Спаситель герра Пауля, с озабоченным видом зализывая ссадины на костяшках пальцев, подцепил носком сапога опрокинутую лавку, ловко поставил ее на ноги, перешагнул через нее и сел, твердо установив локти на столе.
— Ну, — сказал он, исподлобья изучающе глядя на все еще стоявшего в углу немца.
Голос у него был сиплый, нутряной. Так мог бы, наверное, говорить волк, которого Господь шутки ради наделил даром речи. Герр Пауль осторожно уселся напротив, понемногу успокаиваясь и пытливо разглядывая своего визави. Габаритами этот человек напоминал медведя, но в остальном это был, несомненно, волк — матерый, стремительный, беспощадный и начисто лишенный морали.
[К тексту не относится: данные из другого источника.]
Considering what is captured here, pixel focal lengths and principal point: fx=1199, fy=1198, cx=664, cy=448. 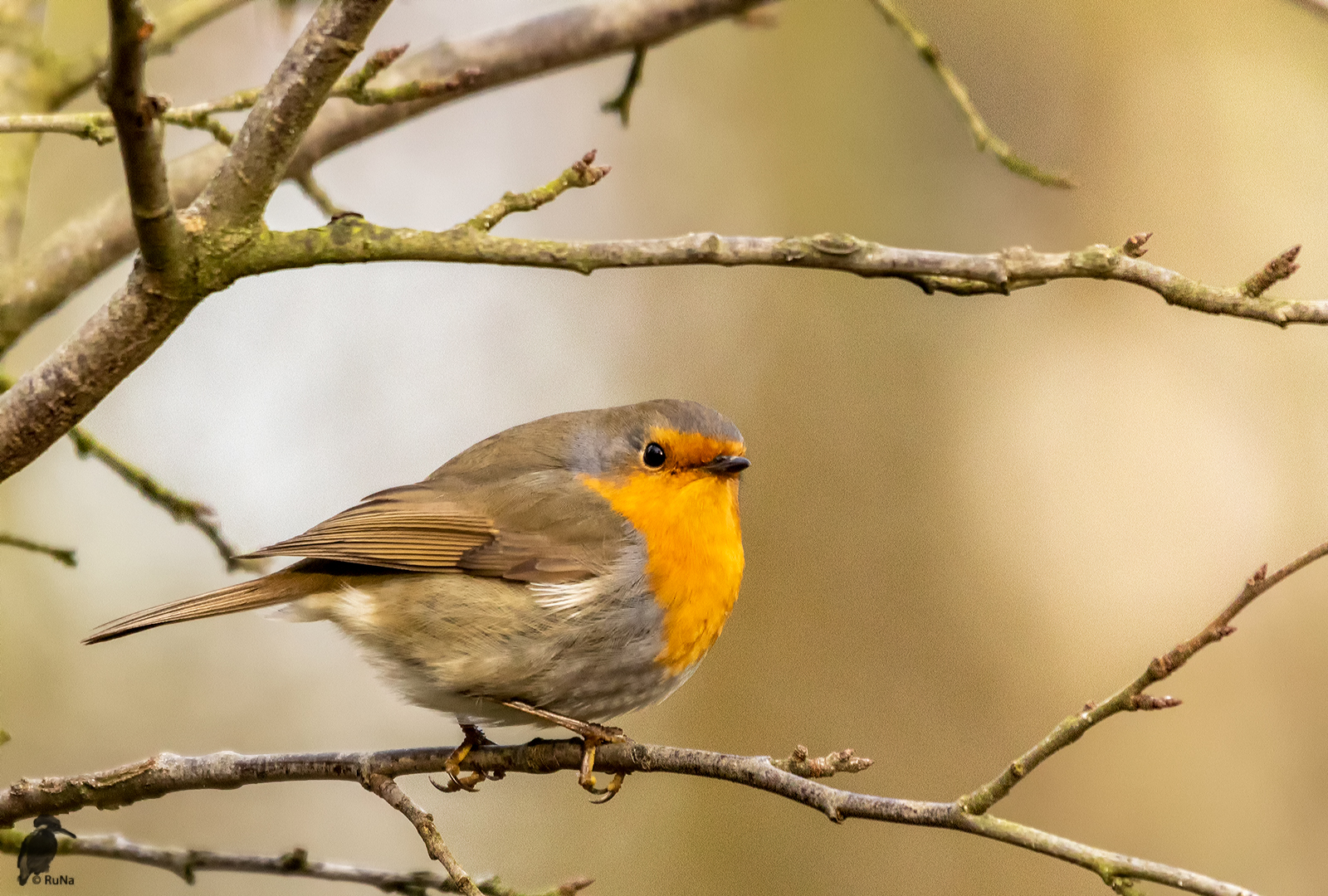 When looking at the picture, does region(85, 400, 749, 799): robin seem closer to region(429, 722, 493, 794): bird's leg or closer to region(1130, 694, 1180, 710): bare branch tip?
region(429, 722, 493, 794): bird's leg

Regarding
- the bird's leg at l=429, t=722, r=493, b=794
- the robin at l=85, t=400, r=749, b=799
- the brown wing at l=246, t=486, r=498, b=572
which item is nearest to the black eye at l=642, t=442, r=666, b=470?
the robin at l=85, t=400, r=749, b=799

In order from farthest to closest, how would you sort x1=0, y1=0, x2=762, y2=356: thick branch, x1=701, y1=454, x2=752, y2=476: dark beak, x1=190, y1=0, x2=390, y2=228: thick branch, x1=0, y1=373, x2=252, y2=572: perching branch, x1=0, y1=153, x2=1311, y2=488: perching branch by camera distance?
1. x1=0, y1=0, x2=762, y2=356: thick branch
2. x1=701, y1=454, x2=752, y2=476: dark beak
3. x1=0, y1=373, x2=252, y2=572: perching branch
4. x1=0, y1=153, x2=1311, y2=488: perching branch
5. x1=190, y1=0, x2=390, y2=228: thick branch

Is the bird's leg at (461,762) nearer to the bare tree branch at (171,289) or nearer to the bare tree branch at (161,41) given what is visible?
the bare tree branch at (171,289)

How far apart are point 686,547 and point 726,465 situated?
299 millimetres

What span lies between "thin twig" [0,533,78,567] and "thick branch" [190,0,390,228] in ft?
3.87

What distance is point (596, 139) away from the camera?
959 cm

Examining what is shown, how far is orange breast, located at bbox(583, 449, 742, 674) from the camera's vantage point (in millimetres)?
3449

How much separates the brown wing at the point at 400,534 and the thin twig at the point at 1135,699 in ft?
6.44

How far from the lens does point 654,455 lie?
12.4ft

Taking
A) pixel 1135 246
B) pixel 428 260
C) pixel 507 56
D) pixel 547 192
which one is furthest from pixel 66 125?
pixel 1135 246

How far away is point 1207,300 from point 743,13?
2.46 metres

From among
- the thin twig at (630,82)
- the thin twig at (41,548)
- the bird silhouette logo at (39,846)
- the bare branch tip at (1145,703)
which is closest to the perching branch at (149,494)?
the thin twig at (41,548)

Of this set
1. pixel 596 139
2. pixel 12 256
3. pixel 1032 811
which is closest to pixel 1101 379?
pixel 1032 811

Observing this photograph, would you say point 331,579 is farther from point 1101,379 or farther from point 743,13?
point 1101,379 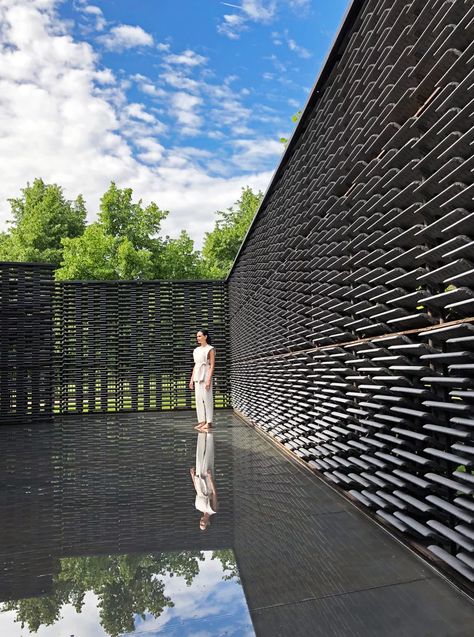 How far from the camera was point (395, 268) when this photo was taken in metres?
2.62

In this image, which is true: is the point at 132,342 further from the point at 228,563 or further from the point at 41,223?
the point at 41,223

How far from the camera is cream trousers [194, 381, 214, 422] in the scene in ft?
26.3

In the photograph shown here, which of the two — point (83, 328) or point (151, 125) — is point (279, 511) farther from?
point (151, 125)

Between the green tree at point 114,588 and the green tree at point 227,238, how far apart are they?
77.9ft

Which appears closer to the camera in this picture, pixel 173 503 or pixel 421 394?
pixel 421 394

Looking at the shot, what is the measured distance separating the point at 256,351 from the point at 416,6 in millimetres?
6039

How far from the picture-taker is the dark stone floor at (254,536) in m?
1.87

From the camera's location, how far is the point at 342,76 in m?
3.52

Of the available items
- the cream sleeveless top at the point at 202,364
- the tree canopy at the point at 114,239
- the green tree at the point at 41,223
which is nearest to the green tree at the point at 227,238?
the tree canopy at the point at 114,239

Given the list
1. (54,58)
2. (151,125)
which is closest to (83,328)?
(54,58)

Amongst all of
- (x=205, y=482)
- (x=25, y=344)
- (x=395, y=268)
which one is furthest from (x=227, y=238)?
(x=395, y=268)

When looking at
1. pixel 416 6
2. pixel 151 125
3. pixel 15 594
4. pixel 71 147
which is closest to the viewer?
pixel 15 594

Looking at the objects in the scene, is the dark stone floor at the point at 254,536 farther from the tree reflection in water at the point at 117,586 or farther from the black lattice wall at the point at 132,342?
the black lattice wall at the point at 132,342

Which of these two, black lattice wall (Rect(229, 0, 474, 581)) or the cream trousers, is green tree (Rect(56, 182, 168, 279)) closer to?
the cream trousers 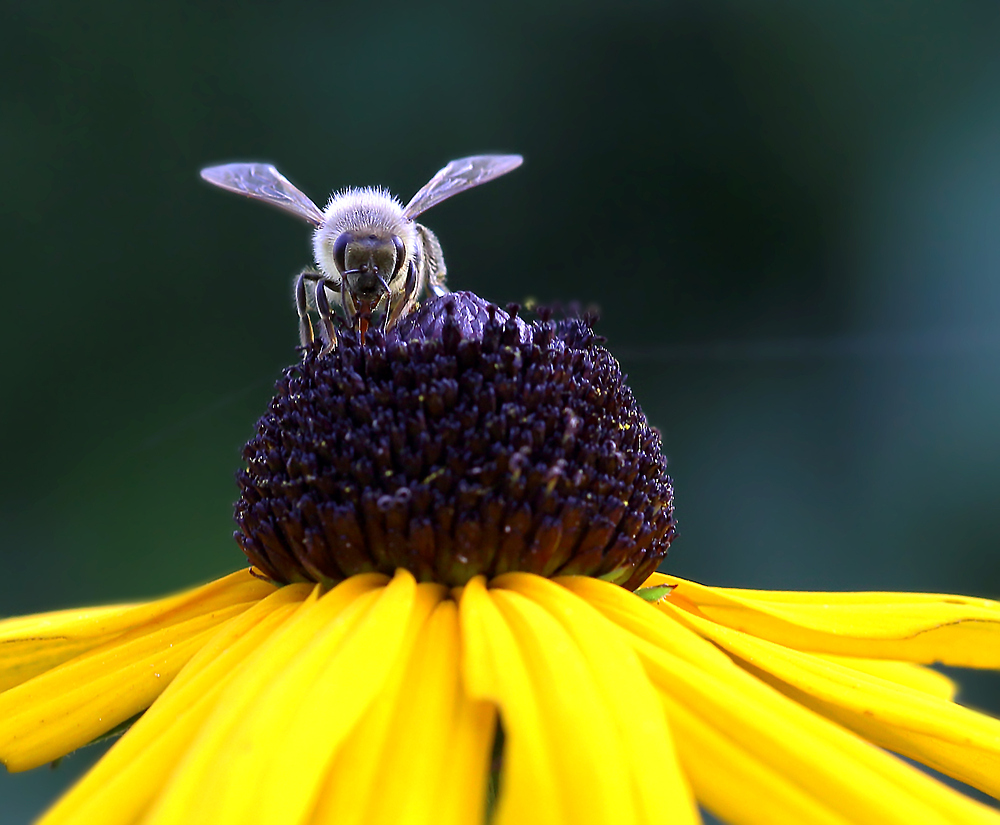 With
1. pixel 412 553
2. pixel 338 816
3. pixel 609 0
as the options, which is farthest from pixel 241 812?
pixel 609 0

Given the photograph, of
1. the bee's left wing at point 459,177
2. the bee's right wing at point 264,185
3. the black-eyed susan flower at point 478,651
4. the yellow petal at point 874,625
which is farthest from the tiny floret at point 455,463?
the bee's right wing at point 264,185

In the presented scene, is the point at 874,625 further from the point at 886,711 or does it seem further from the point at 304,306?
the point at 304,306

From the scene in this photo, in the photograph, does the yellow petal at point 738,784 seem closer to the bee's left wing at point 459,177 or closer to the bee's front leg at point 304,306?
the bee's front leg at point 304,306

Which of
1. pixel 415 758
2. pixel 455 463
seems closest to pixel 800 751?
pixel 415 758

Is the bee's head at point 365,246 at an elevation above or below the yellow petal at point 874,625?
above

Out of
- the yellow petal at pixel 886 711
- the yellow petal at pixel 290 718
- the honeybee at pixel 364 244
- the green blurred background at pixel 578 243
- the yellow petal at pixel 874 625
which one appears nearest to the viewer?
the yellow petal at pixel 290 718

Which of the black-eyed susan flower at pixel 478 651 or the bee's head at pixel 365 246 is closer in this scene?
the black-eyed susan flower at pixel 478 651

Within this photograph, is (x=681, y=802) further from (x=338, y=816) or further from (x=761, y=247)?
(x=761, y=247)
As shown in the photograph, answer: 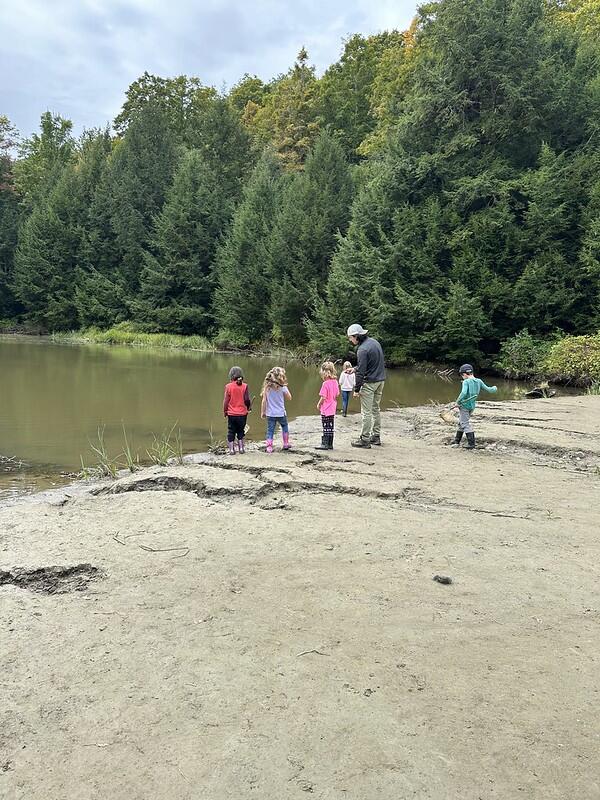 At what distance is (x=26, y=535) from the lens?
5.51m

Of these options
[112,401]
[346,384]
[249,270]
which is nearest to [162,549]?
[346,384]

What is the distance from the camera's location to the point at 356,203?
28234 millimetres

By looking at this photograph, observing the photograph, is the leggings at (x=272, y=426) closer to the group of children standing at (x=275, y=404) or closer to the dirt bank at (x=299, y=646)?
the group of children standing at (x=275, y=404)

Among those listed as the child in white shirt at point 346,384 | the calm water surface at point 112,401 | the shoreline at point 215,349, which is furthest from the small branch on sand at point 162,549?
the shoreline at point 215,349

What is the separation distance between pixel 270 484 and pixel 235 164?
143 feet

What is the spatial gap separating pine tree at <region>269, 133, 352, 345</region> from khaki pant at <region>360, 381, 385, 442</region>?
22.1m

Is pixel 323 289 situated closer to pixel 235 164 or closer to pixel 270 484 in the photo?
pixel 235 164

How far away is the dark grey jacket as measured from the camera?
9367 mm

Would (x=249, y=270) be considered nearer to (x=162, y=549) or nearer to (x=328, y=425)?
(x=328, y=425)

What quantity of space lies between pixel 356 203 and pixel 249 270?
9386 mm

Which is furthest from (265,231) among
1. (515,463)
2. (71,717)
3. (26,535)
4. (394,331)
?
(71,717)

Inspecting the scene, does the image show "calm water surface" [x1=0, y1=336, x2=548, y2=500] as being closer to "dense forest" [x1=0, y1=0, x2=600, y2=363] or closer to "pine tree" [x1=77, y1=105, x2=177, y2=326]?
"dense forest" [x1=0, y1=0, x2=600, y2=363]

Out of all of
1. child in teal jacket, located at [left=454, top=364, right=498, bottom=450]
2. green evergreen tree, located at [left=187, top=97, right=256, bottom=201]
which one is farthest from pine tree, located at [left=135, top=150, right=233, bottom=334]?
child in teal jacket, located at [left=454, top=364, right=498, bottom=450]

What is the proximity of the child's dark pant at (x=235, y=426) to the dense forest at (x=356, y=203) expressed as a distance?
54.1 ft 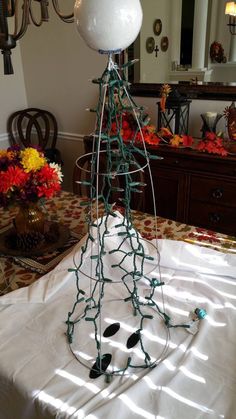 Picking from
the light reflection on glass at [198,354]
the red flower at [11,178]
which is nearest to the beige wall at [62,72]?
the red flower at [11,178]

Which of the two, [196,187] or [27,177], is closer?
[27,177]

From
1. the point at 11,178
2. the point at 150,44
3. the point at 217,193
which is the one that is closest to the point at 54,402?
the point at 11,178

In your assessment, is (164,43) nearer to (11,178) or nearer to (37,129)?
(37,129)

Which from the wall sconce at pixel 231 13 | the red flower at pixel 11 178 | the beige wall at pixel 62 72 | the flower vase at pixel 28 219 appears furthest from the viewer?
the beige wall at pixel 62 72

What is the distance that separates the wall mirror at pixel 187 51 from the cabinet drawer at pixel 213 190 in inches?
25.3

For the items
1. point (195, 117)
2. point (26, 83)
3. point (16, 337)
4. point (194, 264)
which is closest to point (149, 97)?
point (195, 117)

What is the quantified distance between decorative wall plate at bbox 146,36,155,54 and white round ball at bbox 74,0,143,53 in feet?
6.61

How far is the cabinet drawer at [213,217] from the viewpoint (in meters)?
2.15

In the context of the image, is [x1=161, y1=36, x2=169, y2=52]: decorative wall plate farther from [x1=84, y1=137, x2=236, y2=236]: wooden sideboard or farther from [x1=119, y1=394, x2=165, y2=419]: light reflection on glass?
[x1=119, y1=394, x2=165, y2=419]: light reflection on glass

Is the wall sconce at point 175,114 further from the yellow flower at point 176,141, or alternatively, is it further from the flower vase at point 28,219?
the flower vase at point 28,219

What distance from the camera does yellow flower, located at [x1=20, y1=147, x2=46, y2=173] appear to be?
122 cm

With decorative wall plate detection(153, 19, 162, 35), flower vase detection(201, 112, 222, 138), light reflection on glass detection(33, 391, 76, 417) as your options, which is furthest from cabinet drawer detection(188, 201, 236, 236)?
light reflection on glass detection(33, 391, 76, 417)

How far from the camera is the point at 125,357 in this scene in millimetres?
840

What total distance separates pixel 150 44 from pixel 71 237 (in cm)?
181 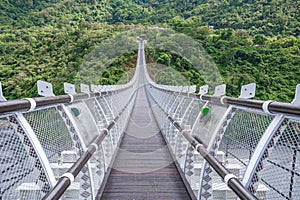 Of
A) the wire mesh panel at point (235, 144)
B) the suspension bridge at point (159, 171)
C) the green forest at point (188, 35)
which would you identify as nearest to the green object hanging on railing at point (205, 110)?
the suspension bridge at point (159, 171)

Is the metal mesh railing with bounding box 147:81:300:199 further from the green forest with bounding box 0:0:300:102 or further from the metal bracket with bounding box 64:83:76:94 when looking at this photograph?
the green forest with bounding box 0:0:300:102

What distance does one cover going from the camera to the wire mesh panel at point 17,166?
0.82 m

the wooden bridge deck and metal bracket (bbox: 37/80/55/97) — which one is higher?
metal bracket (bbox: 37/80/55/97)

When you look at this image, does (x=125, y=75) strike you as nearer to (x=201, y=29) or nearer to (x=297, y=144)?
(x=201, y=29)

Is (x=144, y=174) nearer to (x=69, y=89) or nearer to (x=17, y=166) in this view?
(x=69, y=89)

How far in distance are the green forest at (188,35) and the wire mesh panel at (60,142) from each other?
583 inches

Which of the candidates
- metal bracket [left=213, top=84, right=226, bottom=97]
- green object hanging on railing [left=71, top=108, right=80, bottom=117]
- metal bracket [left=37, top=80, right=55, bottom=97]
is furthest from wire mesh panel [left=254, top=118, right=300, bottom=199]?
green object hanging on railing [left=71, top=108, right=80, bottom=117]

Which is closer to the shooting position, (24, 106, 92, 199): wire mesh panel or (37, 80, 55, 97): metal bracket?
(24, 106, 92, 199): wire mesh panel

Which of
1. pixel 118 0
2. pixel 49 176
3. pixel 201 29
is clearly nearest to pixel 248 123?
pixel 49 176

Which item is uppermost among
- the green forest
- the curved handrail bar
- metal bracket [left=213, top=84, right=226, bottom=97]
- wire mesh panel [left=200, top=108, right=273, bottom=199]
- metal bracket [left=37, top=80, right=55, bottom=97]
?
the green forest

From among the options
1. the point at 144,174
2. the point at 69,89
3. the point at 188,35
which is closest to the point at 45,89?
the point at 69,89

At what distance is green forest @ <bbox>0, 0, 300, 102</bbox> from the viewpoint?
19172mm

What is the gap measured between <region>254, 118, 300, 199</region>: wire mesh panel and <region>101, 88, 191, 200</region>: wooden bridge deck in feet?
3.89

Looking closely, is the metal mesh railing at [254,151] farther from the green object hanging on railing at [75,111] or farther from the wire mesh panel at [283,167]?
the green object hanging on railing at [75,111] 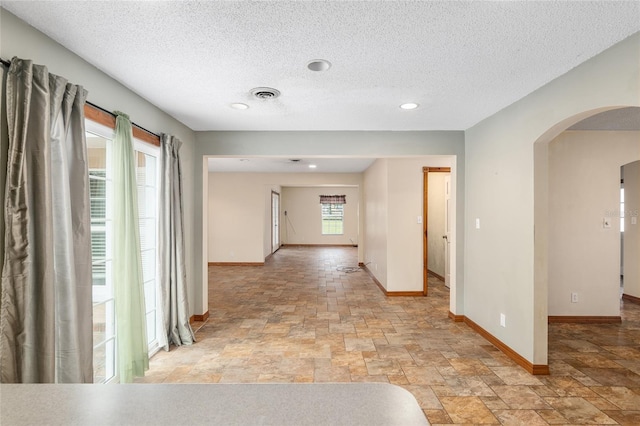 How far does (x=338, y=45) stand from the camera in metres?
1.96

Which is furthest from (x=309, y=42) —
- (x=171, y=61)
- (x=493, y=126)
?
(x=493, y=126)

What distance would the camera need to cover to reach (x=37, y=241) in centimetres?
164

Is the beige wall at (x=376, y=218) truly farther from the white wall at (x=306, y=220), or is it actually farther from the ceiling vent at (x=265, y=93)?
the white wall at (x=306, y=220)

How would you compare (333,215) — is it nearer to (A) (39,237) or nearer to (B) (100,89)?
(B) (100,89)

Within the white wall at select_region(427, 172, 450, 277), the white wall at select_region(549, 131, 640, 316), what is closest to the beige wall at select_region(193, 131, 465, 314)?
the white wall at select_region(549, 131, 640, 316)

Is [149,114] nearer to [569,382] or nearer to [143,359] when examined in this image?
[143,359]

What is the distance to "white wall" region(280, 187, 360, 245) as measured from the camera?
1272 centimetres

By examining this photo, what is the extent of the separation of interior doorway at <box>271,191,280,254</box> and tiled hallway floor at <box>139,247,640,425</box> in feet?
18.8

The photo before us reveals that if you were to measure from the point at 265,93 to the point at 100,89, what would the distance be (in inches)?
47.3

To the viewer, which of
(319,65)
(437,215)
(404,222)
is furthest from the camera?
(437,215)

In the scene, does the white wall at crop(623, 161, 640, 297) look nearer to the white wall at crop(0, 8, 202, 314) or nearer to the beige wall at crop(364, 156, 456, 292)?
the beige wall at crop(364, 156, 456, 292)

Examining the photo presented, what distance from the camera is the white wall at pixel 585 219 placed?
4.05m

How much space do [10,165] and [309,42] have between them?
5.49 feet

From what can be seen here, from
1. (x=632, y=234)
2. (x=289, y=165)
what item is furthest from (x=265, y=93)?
Result: (x=632, y=234) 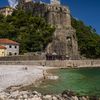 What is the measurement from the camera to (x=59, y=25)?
98.1 m

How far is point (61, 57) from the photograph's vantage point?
249ft

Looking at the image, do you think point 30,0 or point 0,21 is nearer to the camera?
point 0,21

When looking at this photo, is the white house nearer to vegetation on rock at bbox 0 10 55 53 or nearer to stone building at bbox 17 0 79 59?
vegetation on rock at bbox 0 10 55 53

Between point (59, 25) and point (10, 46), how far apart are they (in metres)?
25.9

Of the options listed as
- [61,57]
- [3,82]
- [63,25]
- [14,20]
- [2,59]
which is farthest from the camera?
[63,25]

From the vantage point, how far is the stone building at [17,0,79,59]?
293ft

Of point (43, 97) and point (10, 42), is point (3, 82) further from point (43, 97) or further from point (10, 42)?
point (10, 42)

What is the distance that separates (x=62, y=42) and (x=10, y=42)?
19826 mm

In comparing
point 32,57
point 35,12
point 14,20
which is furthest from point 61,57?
point 35,12

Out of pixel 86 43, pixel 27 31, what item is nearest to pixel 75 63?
pixel 27 31

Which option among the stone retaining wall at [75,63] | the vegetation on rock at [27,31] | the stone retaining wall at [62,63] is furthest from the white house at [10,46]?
the stone retaining wall at [75,63]

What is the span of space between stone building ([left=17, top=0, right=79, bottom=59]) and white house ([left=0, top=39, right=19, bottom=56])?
11.2 metres

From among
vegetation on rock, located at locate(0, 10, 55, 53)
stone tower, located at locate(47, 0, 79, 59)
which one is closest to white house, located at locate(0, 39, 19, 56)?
vegetation on rock, located at locate(0, 10, 55, 53)

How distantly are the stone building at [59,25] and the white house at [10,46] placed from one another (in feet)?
36.8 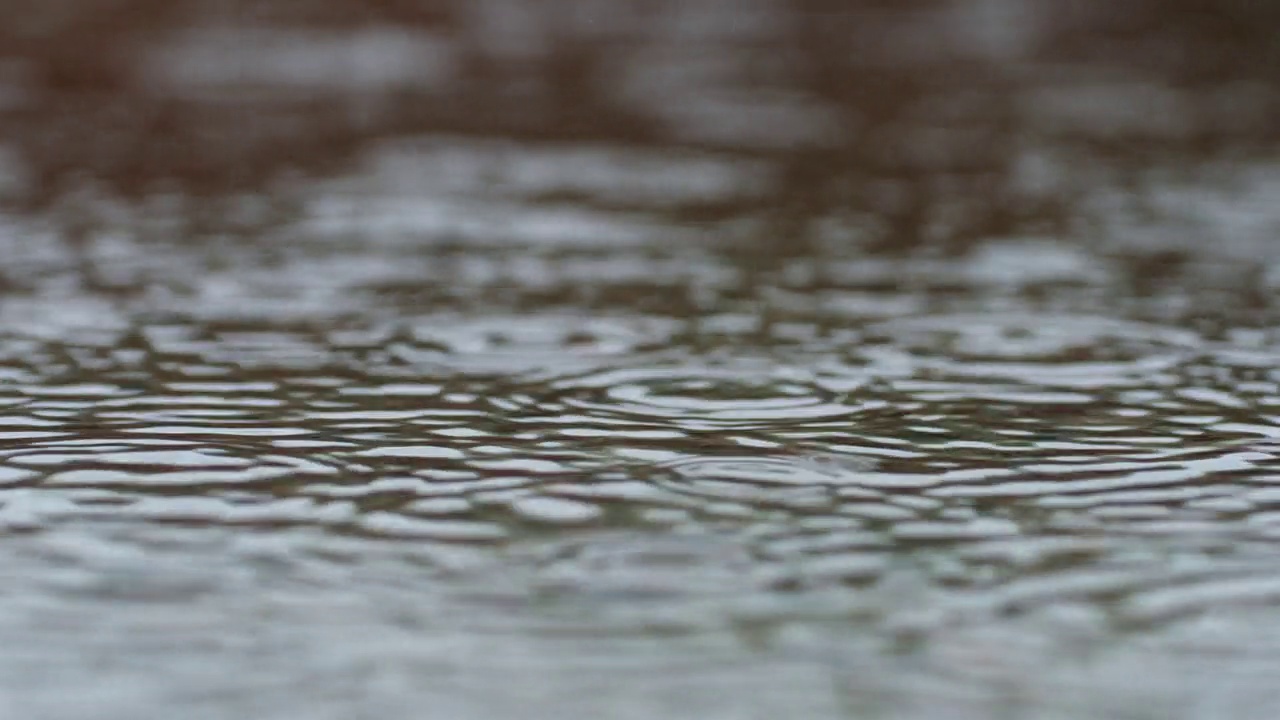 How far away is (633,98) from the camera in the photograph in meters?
3.15

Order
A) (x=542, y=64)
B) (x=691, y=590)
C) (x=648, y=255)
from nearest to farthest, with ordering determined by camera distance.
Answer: (x=691, y=590), (x=648, y=255), (x=542, y=64)

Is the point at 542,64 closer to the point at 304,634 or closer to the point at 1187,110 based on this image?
the point at 1187,110

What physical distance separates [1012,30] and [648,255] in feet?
6.83

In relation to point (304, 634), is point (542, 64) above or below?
above

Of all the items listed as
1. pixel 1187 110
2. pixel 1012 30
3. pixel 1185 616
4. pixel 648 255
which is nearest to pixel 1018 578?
pixel 1185 616

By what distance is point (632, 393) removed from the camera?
1493 mm

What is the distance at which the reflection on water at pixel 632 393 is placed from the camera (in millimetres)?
912

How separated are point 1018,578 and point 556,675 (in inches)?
11.2

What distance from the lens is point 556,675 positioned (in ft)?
2.90

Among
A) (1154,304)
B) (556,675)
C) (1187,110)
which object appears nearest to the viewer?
(556,675)

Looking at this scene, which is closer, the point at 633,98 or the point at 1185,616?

Устойчивая, натренированная психика иезуита быстро справилась с испугом, и, трезво оценив ситуацию, герр Пауль пришел к выводу, что лучшего помощника ему не найти.
Для начала он рассыпался в благодарностях, но бородач прервал его нетерпеливым движением широкой костистой ладони.
— Спасибо на хлеб не намажешь, — просипел он. — Ты говорил, будто знаешь, где можно денег достать. Или наврал? Ежели наврал, так я тебя, барин, задавлю, как вошь, ты уж не серчай.
— Деньги есть, — приняв окончательное решение, спокойно сказал герр Пауль. Он привык вести подобные разговоры несколько иначе, среди его коллег и собратьев было не принято сразу брать быка за рога, но при сложившихся обстоятельствах дипломатия и впрямь казалась излишней. — Денег много, но, чтобы их достать, надо потрудиться.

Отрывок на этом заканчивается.